- [What is required] Going down the listing below, print exactly each line from the one with "une cuisine avec" up to and including the one with "Een woonkamer met", and skip the rest.

----

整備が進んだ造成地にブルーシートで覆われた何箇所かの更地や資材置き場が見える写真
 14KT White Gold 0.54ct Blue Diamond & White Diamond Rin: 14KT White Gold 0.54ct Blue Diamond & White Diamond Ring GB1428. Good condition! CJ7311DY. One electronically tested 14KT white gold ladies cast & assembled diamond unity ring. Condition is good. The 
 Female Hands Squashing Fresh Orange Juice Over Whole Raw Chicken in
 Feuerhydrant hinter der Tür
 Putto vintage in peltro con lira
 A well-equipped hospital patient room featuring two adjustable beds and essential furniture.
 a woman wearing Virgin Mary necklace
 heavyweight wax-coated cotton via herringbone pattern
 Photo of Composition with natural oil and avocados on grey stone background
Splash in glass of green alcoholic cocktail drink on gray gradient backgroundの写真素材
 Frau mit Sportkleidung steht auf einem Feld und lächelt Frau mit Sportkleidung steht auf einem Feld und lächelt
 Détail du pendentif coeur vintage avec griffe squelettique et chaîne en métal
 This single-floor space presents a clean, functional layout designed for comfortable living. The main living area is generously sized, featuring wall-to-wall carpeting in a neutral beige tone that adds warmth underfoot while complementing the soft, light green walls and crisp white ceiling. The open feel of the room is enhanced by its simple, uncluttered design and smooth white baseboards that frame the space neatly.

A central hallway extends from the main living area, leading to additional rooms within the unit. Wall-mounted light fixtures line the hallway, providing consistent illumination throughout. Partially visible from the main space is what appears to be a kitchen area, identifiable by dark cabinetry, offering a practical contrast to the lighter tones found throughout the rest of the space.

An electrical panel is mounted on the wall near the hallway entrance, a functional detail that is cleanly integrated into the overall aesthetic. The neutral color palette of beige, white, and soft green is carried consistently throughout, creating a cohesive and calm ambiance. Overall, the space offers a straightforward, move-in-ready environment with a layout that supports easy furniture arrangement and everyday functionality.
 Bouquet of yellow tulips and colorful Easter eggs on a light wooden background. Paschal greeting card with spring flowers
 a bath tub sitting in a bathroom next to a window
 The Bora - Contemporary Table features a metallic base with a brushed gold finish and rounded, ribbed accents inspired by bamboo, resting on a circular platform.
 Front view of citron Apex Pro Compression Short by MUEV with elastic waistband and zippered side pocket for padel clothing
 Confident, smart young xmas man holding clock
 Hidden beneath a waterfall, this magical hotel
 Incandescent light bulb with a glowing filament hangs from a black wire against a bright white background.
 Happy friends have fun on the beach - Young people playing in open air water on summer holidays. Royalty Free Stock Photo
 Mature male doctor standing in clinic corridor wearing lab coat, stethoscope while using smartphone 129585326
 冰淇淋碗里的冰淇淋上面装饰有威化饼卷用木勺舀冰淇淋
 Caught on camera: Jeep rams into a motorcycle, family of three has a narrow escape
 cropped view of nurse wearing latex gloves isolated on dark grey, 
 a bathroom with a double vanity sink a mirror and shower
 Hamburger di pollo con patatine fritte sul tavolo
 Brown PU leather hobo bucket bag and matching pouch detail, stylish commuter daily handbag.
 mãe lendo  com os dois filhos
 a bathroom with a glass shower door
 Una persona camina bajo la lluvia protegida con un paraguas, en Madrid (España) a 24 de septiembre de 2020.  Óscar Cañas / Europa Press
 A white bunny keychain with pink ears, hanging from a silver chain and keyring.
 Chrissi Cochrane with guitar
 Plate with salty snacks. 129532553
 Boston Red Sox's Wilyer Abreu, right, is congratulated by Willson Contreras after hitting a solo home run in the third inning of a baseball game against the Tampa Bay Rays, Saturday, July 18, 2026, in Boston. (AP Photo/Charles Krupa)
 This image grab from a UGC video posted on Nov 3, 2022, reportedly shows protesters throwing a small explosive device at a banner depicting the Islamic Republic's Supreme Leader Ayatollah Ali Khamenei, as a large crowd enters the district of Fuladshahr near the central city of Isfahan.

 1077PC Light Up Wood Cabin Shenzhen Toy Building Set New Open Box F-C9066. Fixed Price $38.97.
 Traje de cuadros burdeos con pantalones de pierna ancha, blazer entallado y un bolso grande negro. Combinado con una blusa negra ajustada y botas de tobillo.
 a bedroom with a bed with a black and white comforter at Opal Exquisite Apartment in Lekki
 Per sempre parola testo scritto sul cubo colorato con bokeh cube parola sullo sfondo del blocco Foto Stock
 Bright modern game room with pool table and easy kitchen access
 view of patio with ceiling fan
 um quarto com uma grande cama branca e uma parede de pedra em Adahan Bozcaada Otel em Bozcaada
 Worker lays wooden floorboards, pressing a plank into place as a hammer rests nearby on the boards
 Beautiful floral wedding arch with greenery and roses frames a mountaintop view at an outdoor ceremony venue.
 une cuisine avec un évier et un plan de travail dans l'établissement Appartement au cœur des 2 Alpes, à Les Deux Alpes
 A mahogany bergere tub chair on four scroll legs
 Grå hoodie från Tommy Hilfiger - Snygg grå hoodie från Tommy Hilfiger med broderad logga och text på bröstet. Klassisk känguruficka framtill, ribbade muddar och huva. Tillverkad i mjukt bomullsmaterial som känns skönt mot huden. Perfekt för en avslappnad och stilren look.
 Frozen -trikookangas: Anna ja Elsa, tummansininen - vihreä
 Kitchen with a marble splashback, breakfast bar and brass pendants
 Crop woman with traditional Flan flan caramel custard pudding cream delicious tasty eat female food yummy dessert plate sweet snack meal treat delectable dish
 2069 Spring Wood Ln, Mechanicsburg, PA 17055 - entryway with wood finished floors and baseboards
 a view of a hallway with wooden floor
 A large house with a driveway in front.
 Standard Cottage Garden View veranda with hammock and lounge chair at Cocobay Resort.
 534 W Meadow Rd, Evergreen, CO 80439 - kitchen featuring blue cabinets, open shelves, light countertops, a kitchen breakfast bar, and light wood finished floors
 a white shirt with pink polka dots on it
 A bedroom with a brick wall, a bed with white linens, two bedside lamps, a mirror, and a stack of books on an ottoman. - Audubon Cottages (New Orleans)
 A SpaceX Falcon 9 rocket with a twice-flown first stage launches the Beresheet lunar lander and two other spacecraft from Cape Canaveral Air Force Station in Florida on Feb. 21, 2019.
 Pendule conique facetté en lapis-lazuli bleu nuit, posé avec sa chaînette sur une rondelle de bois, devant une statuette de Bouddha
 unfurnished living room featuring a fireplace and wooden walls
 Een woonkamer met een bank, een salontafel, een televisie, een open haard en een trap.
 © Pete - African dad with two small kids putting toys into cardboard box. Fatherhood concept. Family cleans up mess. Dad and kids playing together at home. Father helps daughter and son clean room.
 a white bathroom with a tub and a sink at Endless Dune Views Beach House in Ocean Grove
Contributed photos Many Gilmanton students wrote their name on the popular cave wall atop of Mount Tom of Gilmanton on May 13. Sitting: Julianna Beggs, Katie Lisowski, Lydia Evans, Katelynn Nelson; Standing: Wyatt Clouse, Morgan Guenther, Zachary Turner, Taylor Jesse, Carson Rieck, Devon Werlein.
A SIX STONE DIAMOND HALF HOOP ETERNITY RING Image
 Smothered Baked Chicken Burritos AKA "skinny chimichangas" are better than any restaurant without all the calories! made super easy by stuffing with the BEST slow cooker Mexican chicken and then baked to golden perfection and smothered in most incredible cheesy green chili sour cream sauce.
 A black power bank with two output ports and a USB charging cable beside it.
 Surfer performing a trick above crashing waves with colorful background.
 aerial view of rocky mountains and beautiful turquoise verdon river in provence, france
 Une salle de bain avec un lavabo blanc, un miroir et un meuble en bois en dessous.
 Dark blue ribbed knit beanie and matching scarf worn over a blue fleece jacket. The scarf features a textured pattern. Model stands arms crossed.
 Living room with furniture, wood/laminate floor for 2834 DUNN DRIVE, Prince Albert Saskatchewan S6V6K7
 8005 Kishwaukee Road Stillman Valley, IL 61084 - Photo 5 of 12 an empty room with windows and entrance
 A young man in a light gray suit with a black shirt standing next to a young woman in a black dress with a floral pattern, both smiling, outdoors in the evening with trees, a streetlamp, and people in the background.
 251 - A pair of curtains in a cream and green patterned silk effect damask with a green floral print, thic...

----

- [Response]
 une cuisine avec un évier et un plan de travail dans l'établissement Appartement au cœur des 2 Alpes, à Les Deux Alpes
 A mahogany bergere tub chair on four scroll legs
 Grå hoodie från Tommy Hilfiger - Snygg grå hoodie från Tommy Hilfiger med broderad logga och text på bröstet. Klassisk känguruficka framtill, ribbade muddar och huva. Tillverkad i mjukt bomullsmaterial som känns skönt mot huden. Perfekt för en avslappnad och stilren look.
 Frozen -trikookangas: Anna ja Elsa, tummansininen - vihreä
 Kitchen with a marble splashback, breakfast bar and brass pendants
 Crop woman with traditional Flan flan caramel custard pudding cream delicious tasty eat female food yummy dessert plate sweet snack meal treat delectable dish
 2069 Spring Wood Ln, Mechanicsburg, PA 17055 - entryway with wood finished floors and baseboards
 a view of a hallway with wooden floor
 A large house with a driveway in front.
 Standard Cottage Garden View veranda with hammock and lounge chair at Cocobay Resort.
 534 W Meadow Rd, Evergreen, CO 80439 - kitchen featuring blue cabinets, open shelves, light countertops, a kitchen breakfast bar, and light wood finished floors
 a white shirt with pink polka dots on it
 A bedroom with a brick wall, a bed with white linens, two bedside lamps, a mirror, and a stack of books on an ottoman. - Audubon Cottages (New Orleans)
 A SpaceX Falcon 9 rocket with a twice-flown first stage launches the Beresheet lunar lander and two other spacecraft from Cape Canaveral Air Force Station in Florida on Feb. 21, 2019.
 Pendule conique facetté en lapis-lazuli bleu nuit, posé avec sa chaînette sur une rondelle de bois, devant une statuette de Bouddha
 unfurnished living room featuring a fireplace and wooden walls
 Een woonkamer met een bank, een salontafel, een televisie, een open haard en een trap.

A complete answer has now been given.